WHAT TO WORK ON
Range to reproduce from the entries below: the line with "Noticias más importantes", the line with "Darth Vader Necklace, HD Png Download", and every line in between. Give them exactly and give nothing else.

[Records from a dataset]
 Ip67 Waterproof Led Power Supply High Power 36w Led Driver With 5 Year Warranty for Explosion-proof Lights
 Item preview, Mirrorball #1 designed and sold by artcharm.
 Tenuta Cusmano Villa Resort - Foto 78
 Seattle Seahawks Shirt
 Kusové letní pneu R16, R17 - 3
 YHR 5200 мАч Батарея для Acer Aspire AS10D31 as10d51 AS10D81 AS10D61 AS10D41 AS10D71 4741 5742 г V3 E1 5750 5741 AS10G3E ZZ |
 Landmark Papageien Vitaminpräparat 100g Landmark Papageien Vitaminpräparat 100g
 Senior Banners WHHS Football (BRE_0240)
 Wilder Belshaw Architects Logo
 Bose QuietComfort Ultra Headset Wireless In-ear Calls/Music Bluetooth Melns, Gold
---
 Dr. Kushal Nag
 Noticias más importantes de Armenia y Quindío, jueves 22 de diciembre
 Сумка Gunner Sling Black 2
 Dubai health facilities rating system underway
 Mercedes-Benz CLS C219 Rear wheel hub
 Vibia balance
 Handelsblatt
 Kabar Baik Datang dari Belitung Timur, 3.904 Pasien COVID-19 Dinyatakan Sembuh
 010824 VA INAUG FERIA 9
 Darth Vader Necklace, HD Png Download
--
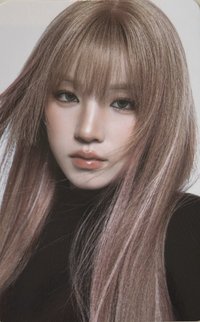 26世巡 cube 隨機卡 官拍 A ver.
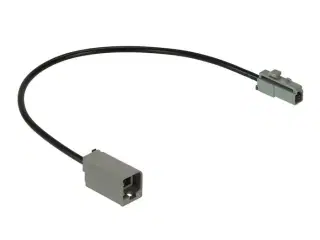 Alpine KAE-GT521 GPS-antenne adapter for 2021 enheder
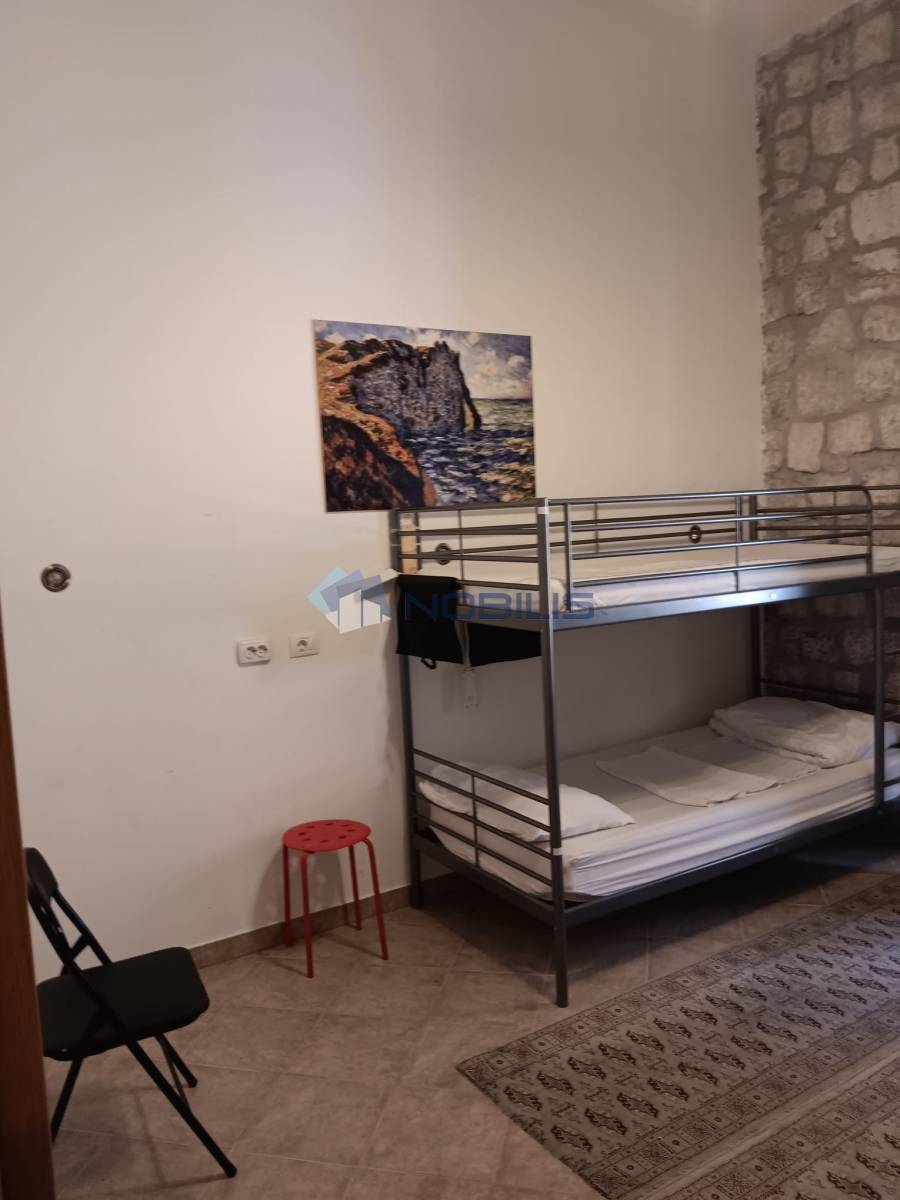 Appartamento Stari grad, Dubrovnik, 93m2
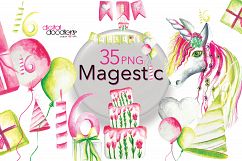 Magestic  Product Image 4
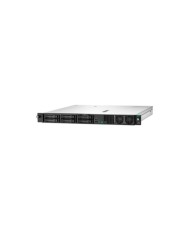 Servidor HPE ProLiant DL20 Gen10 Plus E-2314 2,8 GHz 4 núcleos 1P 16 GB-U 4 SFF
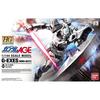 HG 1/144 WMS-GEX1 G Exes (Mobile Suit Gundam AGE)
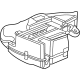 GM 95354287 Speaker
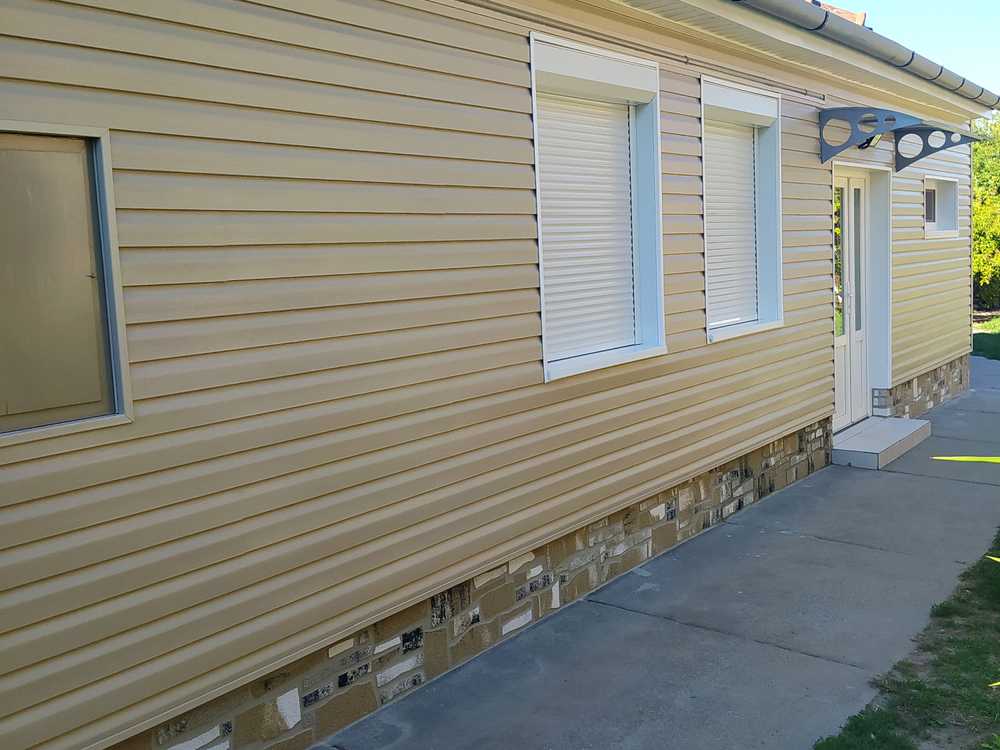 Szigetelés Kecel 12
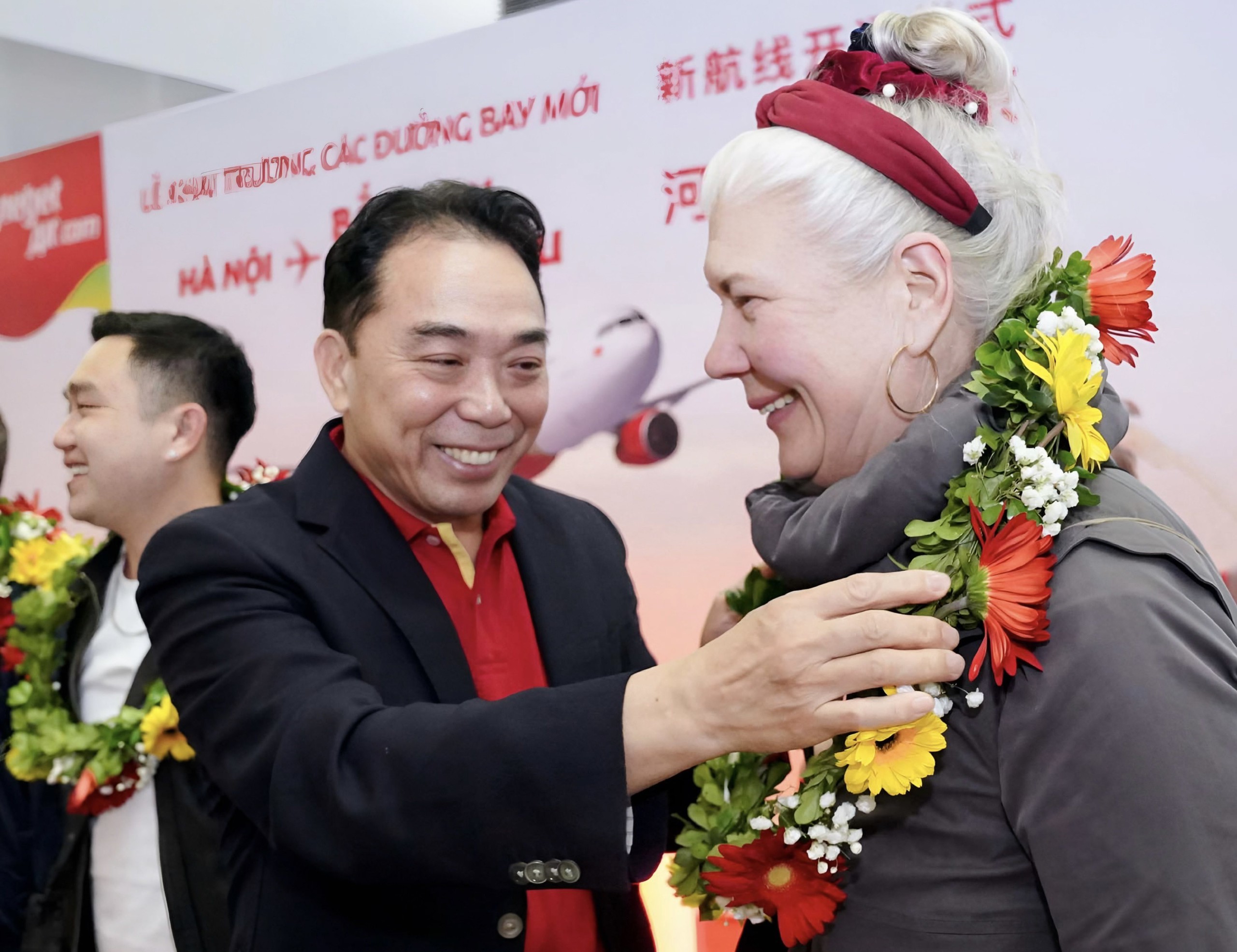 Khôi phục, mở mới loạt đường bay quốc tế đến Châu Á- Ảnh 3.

WRITTEN REPLY
 Noticias más importantes de Armenia y Quindío, jueves 22 de diciembre
 Сумка Gunner Sling Black 2
 Dubai health facilities rating system underway
 Mercedes-Benz CLS C219 Rear wheel hub
 Vibia balance
 Handelsblatt
 Kabar Baik Datang dari Belitung Timur, 3.904 Pasien COVID-19 Dinyatakan Sembuh
 010824 VA INAUG FERIA 9
 Darth Vader Necklace, HD Png Download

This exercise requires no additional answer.